L’ambassadeur PCA Jean Thierry Monsenepwo est monté au créneau pour répondre au mouvement « Sauvons la RDC », qu’il associe à l’ancien président Joseph Kabila. Dans une sortie ferme, il dénonce une initiative qu’il qualifie « d’ imposture » portée par des acteurs aux liens présumés avec le Rwanda, tout en défendant les avancées réalisées sous le Président Félix Tshisekedi.
Pour Thierry Monsenepwo, le mouvement est porté par des acteurs dont « les accointances avec le Rwanda sont connues ». Il pointe également leur silence face aux déclarations du président rwandais Paul Kagame, estimant que cette attitude soulève des interrogations quant à leur positionnement sur les enjeux de souveraineté nationale.

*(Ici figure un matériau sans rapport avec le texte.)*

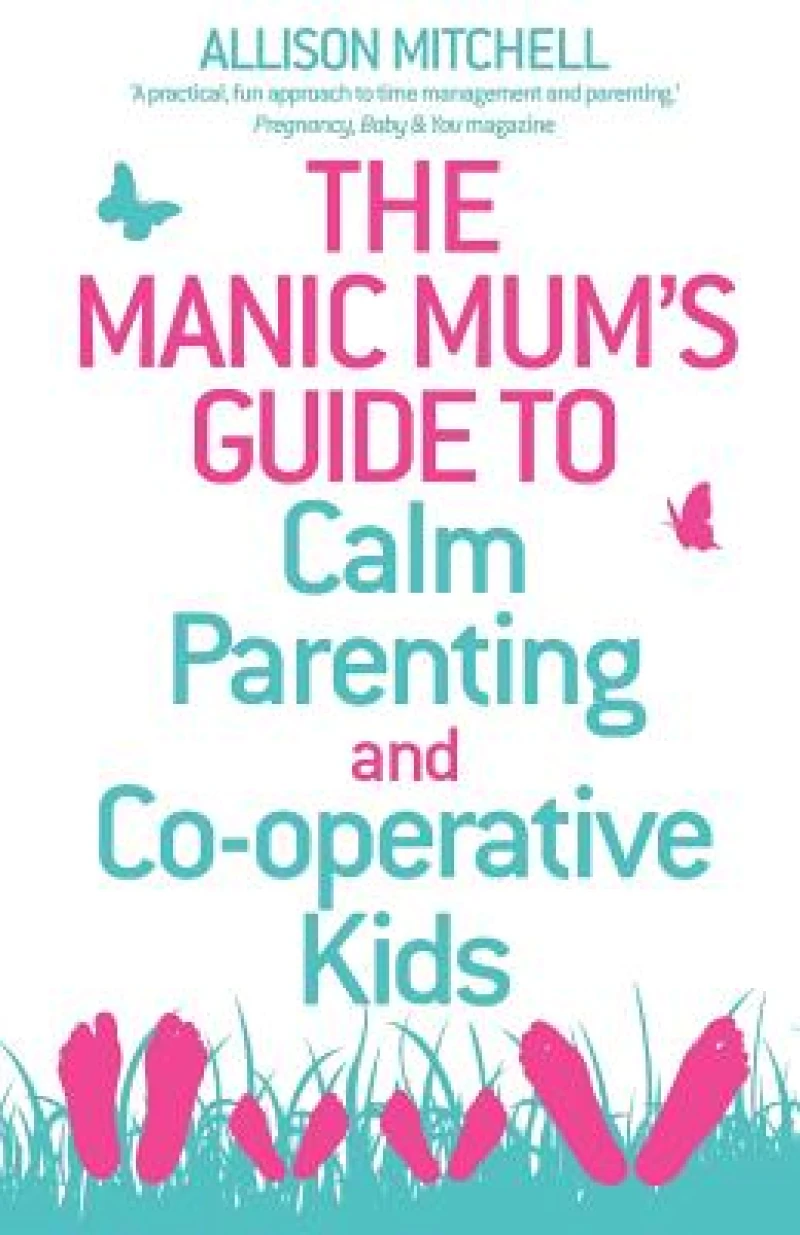 Manic Mum''s Guide to Calm Parenting and Co-operative Kids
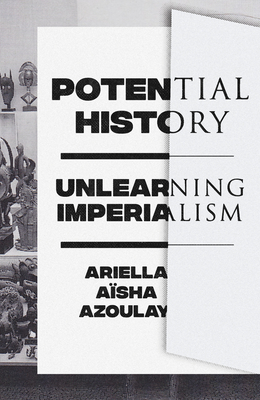 Potential History: Unlearning Imperialism By Ariella Aïsha Azoulay Cover Image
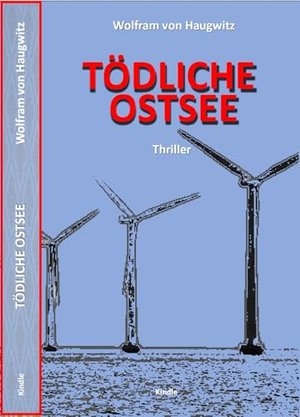 Tödliche Ostsee: Kommissar Brockmanns vierter Fall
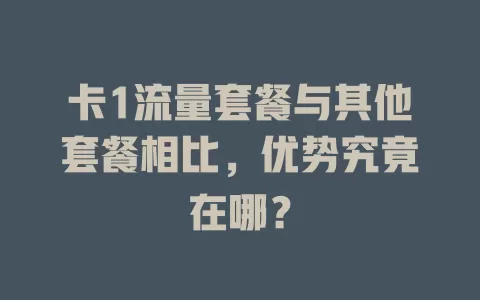 卡1流量套餐与其他套餐相比，优势究竟在哪？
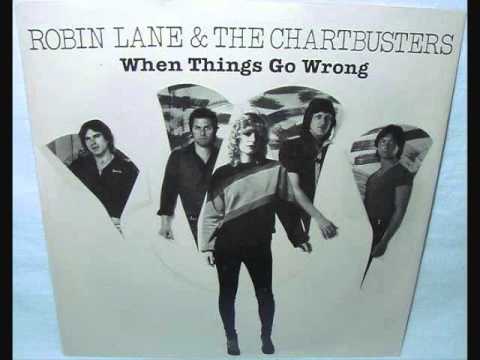 Robin Lane & The Chartbusters-1979 Demo-When Things Go Wrong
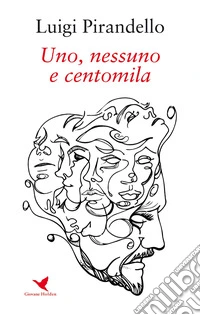 Uno, nessuno e centomila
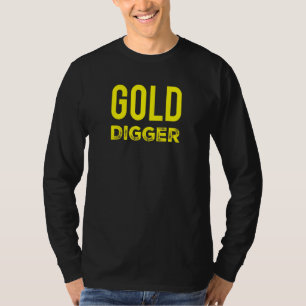 Gold Digger Gold Digger Metaal Detecteren T-shirt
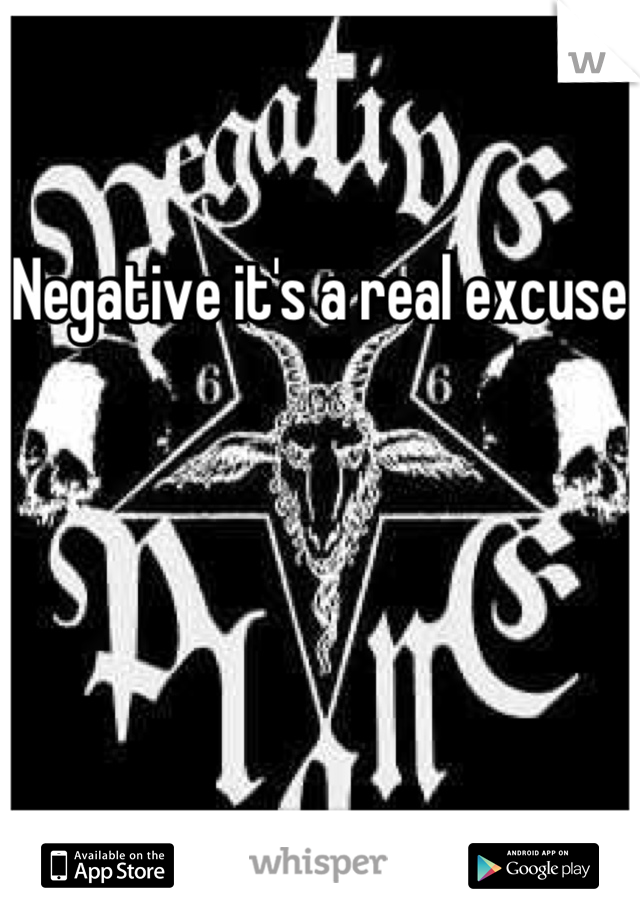 Negative it's a real excuse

Par ailleurs, Jean Thierry Monsenepwo établit un lien entre ces acteurs et les groupes armés opérant dans l’Est de la République démocratique du Congo, notamment l’AFC/M23/FPR/PPRD. Il dénonce une situation qu’il qualifie « d’aventure meurtrière », accusant ces mouvements de continuer à « semer la mort et la désolation » dans cette partie du pays.
« Ceux-là mêmes qui tuent notre peuple sans pitié viennent aujourd’hui prétendre parler en son nom », déclare-t-il, dénonçant ce qu’il considère comme une contradiction majeure.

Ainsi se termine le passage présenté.